Diplomacy is multi-player, deterministic, incomplete information because moves are simultaneous. I'm not sure if or how this could be analysed.
Axis and Allies is (effectively) two player, probabilistic. It could (theoretically) be completely analysed as a very large dynamic programming problem. From a game-theoretical point of view, it resembles Yahtzee.
Re:Read an article to this effect.... (Score:5, Interesting)
Meanwhile, the exhaustive search is really the least interesting way you could possibly do it, and won't likely provide you with much insight on Go, or related matters. *yawn*
Exhaustive search may be boring, but it is also the only theoretically sound method. Aggressive forward pruning of game trees always has a danger factor (you might prune a move that looks bad at depth 5 but is actually a win at depth 10), and this danger is massively increased in games with large branching factors like Go. Basically you are greatly amplifying the horizon effect.
Methods such as Prob-Cut and Multi-Prob-Cut have proven useful in games with extremely high branching factors where the evaluation function has strong correlations between depths (games like Amazons, which has an initial branching factor of 2176, far larger than Go's 361). However there is always risk associated with statistical pruning methods.
Really, the only theoretically sound method of forward pruning is to define a specific evaluation function and then produce proofs that certain board configurations cannot cause an increase in the evaluation. But these proofs are hard or impossible to construct and often they only apply in positions which are already clearly bad.
In my opinion, it's not that computers are terribly bad at Go. It's that humans are unusually good at it. I am regularly whomped by my own Amazons-playing program and that program can't even look to ply 2 at the opening of the game. On the other hand, I destroy most of the simpler Go programs, even though I absolutely suck at Go.
Re:I don't care how good it is (Score:3, Interesting)
A: All their liberties were removed.
Or the more serious corollary:
When all your liberties have been removed, only your life remains to be taken.
Or perhaps:
That is not dead which can eternal lie. And with strange aeons even dead stones become useful.
Go is like some heavy political commentary, with life lessons thrown in.
Re:Game complexity (Score:4, Interesting)

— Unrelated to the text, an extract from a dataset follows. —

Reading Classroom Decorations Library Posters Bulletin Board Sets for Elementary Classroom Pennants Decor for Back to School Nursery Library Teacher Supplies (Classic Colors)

This argument is intuitively appealing, and imho it has a lot to say for it. However, it has one major shortcoming:
Define the game of 3-go to be playing 3 consecutive games of go; the winner of the 3-go match is the winner of the majority of the go games. If player A is 1 level better than player B at go, they will be more than one level better at 3-go, since their winning probability is up to 74% instead of 67%. So, by this definition 3-go is noticeably more complex than go. However, I can think of no meaningful way in which this is actually true.
Also, if you count steps from a human player who knows the rules and has played a couple games to a human expert, you get 40-50 ranks. But that human player is easily 30 ranks about the true "random but no suicides" computer player. It doesn't take much work to build a computer program 20 ranks stronger than the random player, but that is still a truly *awful* program.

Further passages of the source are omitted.